### Activity
Your copy should hold only the lines from the one with "Chocolate cake with" to the one with "Detská poschodová posteľ", both included, each exactly as it stands below, with no pictures.

### Supplied data
##########
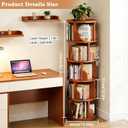 5-Tier Rotating Bookshelf,Rolling Bookcase with 360 Spin for Small Spaces, Corner Revolving Organizer for Home Office, Bedroom, Kids Room Walnut Finish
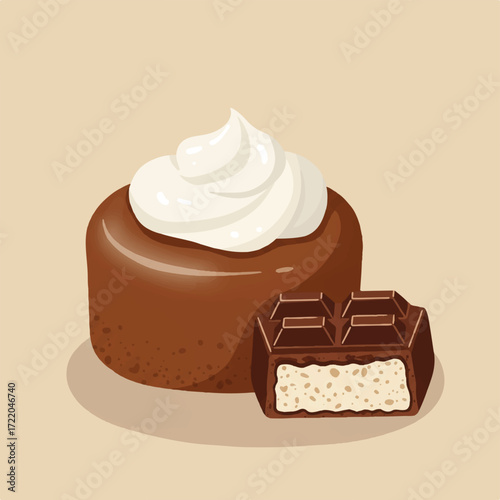 Chocolate cake with whipped cream and a broken chocolate bar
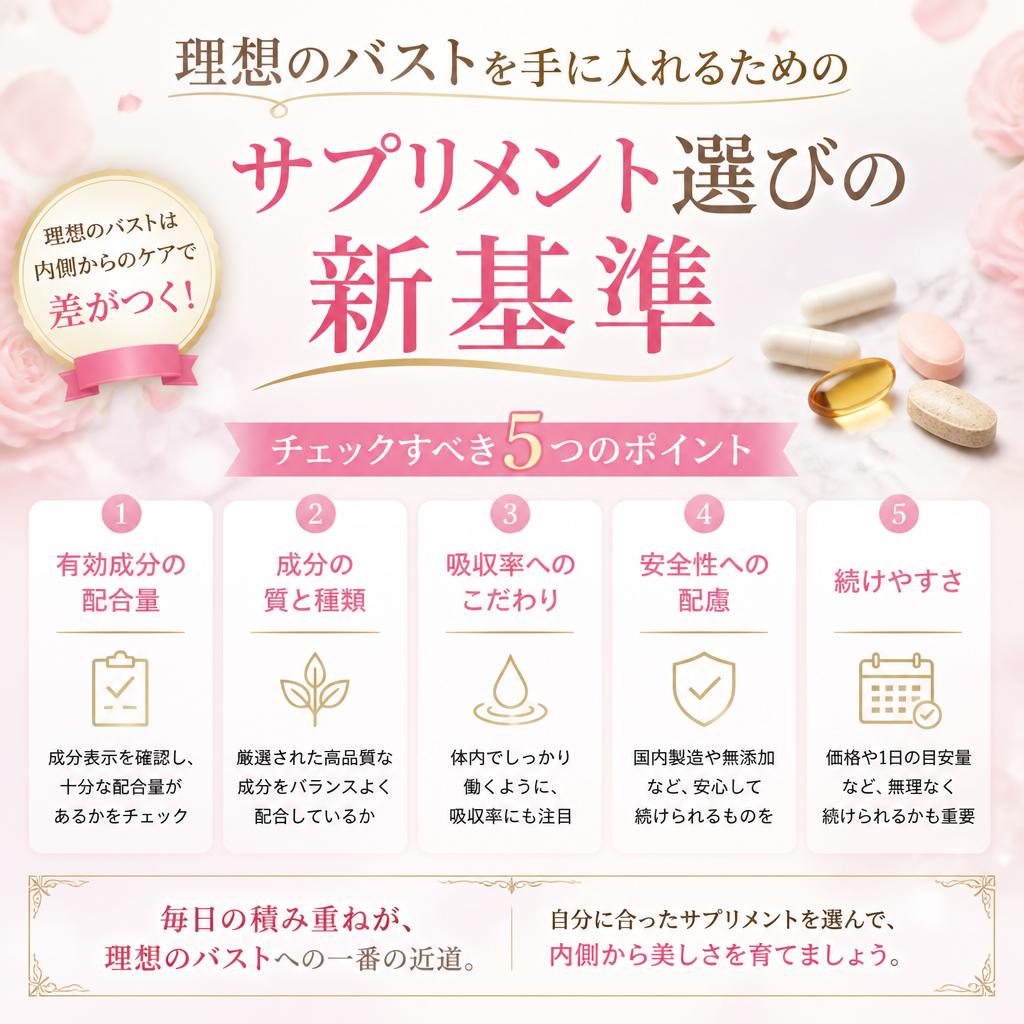 理想のバストを手に入れるためのサプリメント選びの新基準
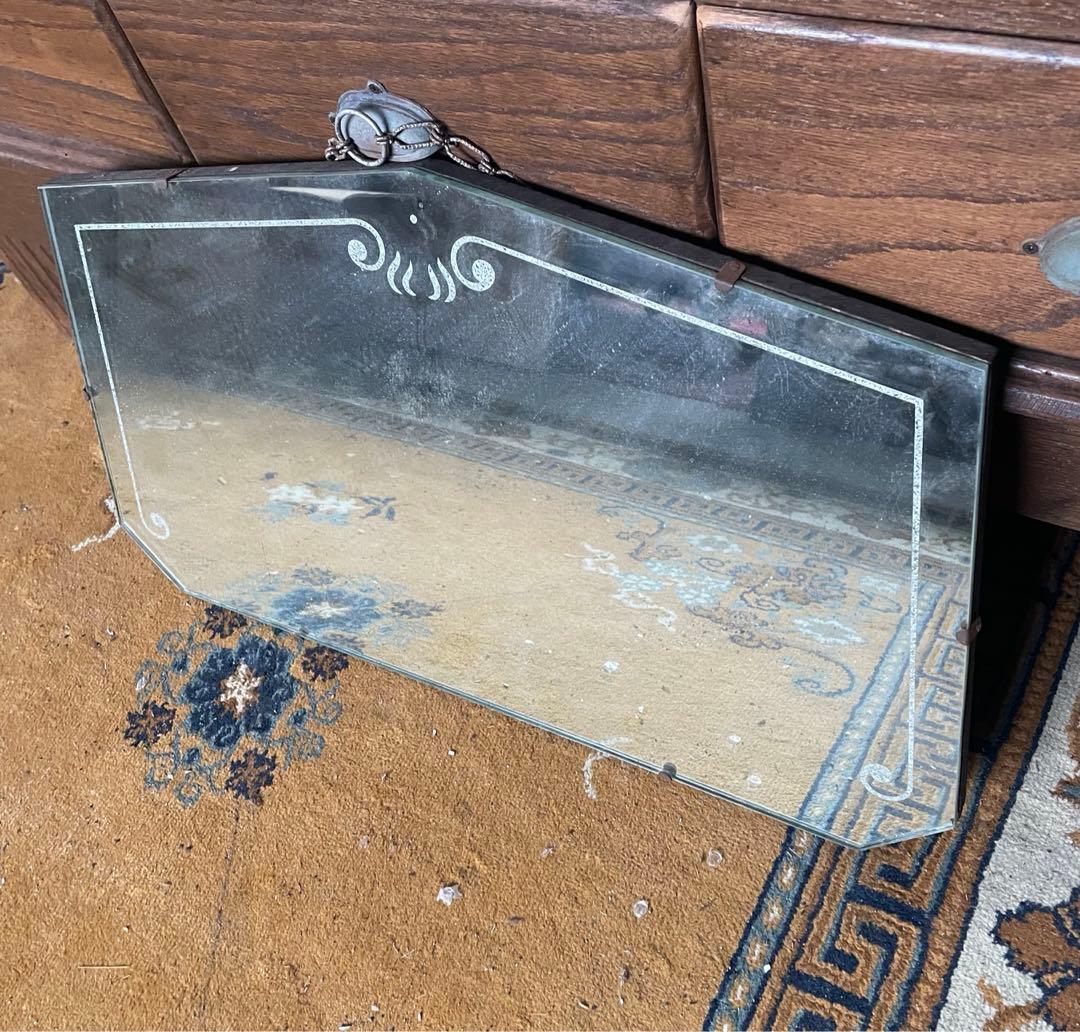 稀少/アンティーク/イギリス製/壁掛けミラー/カッティングミラー/ミラー/鏡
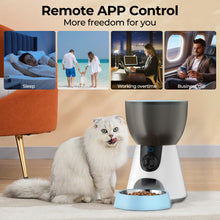 Load image into Gallery viewer, OWNPETS 4L Automatic Cat Feeder with Camera, 2.4G &amp; 5G WiFi, 1304P HD Video with Night Vision, Voice Dialogue Function
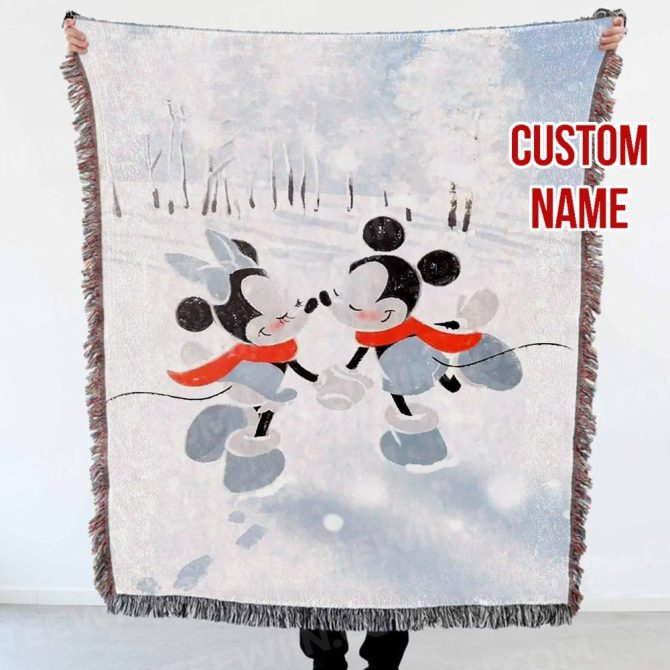 Personalized Mickey Mouse Holiday Throw Blanket – Custom Name Christmas Gift - Image 6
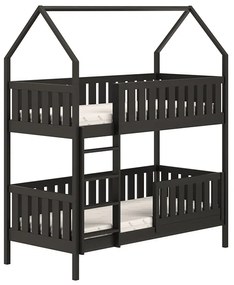 Detská poschodová posteľ Nemos domček - 90x200 cm - čierna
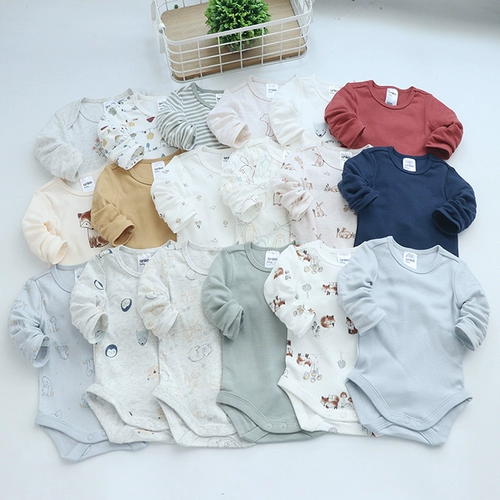 Хлопковый лонгслив, детская пижама для раннего возраста, боди для новорожденных, осенний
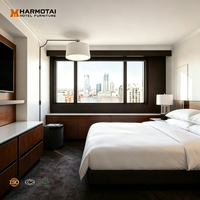 Collection de meubles de suite inspirée par le Marriott Downtown New York, lit king-size + canapé, table d'appoint, design moderne, hôtel 4-5 étoiles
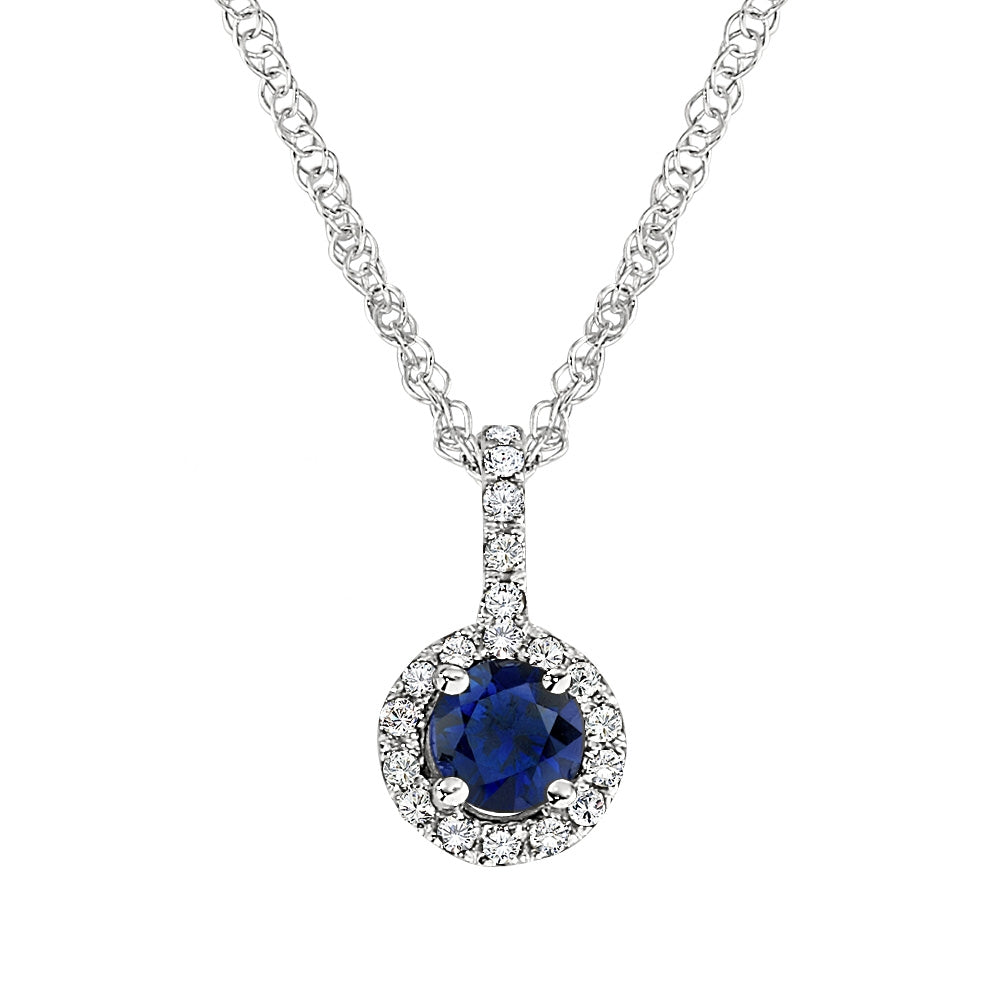 Classic Drop Pendant with Round Sapphire and Diamond Halo Design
##########
### Solution for this task
 Chocolate cake with whipped cream and a broken chocolate bar
 理想のバストを手に入れるためのサプリメント選びの新基準
 稀少/アンティーク/イギリス製/壁掛けミラー/カッティングミラー/ミラー/鏡
 Load image into Gallery viewer, OWNPETS 4L Automatic Cat Feeder with Camera, 2.4G &amp; 5G WiFi, 1304P HD Video with Night Vision, Voice Dialogue Function
 Personalized Mickey Mouse Holiday Throw Blanket – Custom Name Christmas Gift - Image 6
 Detská poschodová posteľ Nemos domček - 90x200 cm - čierna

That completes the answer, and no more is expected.